Un socialista che, malgrado sia stato dichiarato morto da un pezzo, sente ancora il sangue circolar nelle arterie e affluire al cervello. Un socialista che non si liquida ne con la critica dei vecchi programmi, ne col ricordo della sconfitta, ne col richiamo alle responsabilità del passato, ne con le polemiche sulla guerra combattuta. Un socialista giovane, di una marca nuova e pericolosa, che ha studiato, sofferto, meditato e qualcosa capito della Storia Italiana lontana e vicina. E precisamente ha capito:
1) Che il socialismo è in primo luogo rivoluzione morale, e in secondo luogo trasformazione materiale.
2) Che, come tale, si attua fin da oggi nelle coscienze dei migliori, senza bisogno di aspettare il sole dell'avvenire.
3) Che tra socialismo e marxismo non vi è parentela necessaria.
4) Che anzi, ai giorni nostri, la filosofia marxista minaccia di compromettere la marcia socialista.
5) Che socialismo senza democrazia è come volere la botte piena (uomini, non servi; coscienze, non numeri; produttori, non prodotti) e la moglie ubriaca (dittatura).
6) Che il socialismo, in quanto alfiere dinamico della classe più numerosa, misera e oppressa, è l'erede del Liberalismo.
7) Che la Libertà, presupposto della vita morale così del singolo come della collettività, è il più efficace mezzo e il fine ultimo del Socialismo.
8) Che la socializzazione è un mezzo, sia pure importantissimo.
9) Che lo spauracchio della rivoluzione sociale violenta spaventa oramai solo i passerotti e gli esercenti, e mena acqua al mulino reazionario.
10) Che il socialismo non si decreta dall'alto, ma si costruisce tutti i giorni dal basso, nelle coscienze, nei sindacati, nella cultura.

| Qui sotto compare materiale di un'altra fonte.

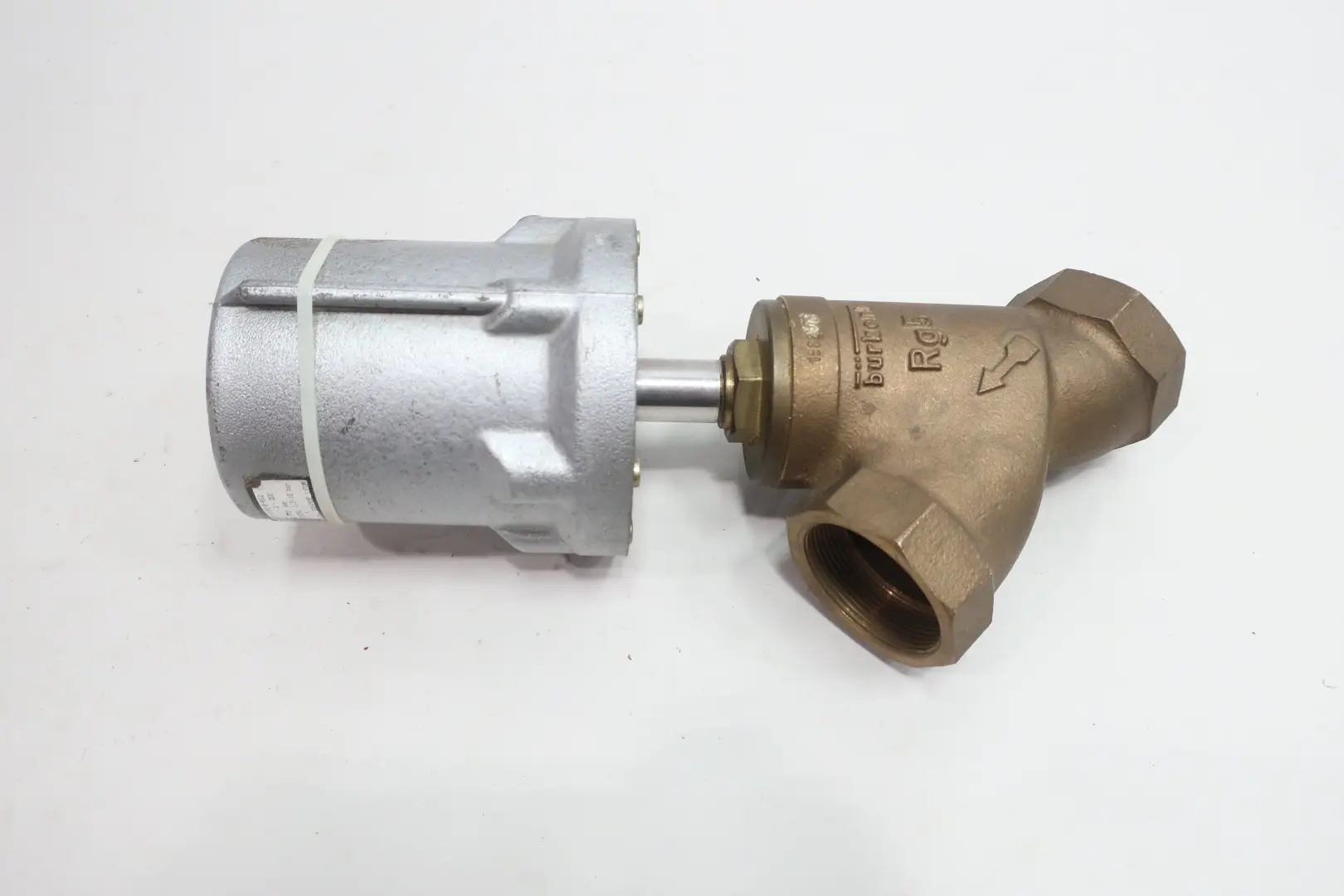 Produktfoto 1 von BURKERT 251-B-50-B-RG2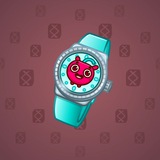 Swiss Watch #2612 Swiss Watch #2612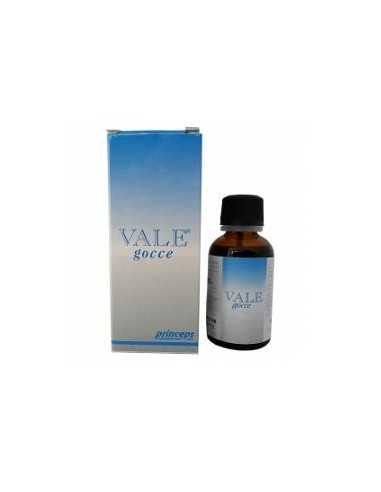 VALE GOCCE 30ML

11) Che ha bisogno di idee, poche e chiare, di gente nuova, di amore ai problemi concreti.
12) Che il nuovo movimento socialista italiano non dovrà essere frutto di appiccicature di partiti e partitelli ormai sepoliti, ma organismo nuovo dai piedi al capo, sintesi federativa di tutte le forze che si battono per la causa della libertà e del lavoro.
13) Che è assurdo imporre a così gigantesco moto di masse una unica filosofia, un unico schema, una unica divisa intellettuale.
Il primo liberalismo ha da attuarsi all'interno.
Le tesi sono tredici.
Il tredici porta fortuna.
Chi vivrà vedrà.
Carlo Rosselli, "Socialismo Liberale", 1930"
Scritto 77 anni fa ma attualissimo... Da chi dice che il Socialismo sia morto, alle critiche sul passato (vedi Bottino), ai conservatorismi di sinistra (rappresentati qui dalla filosofia marxista), al fatto che il nuovo PSI che sta nascendo oggi non debba essere una semplice somma dei partitini socialisti, alla necessità di una politica concreta.
Basterebbe prendere queste 13 tesi e si farebbe un partito modernissimo.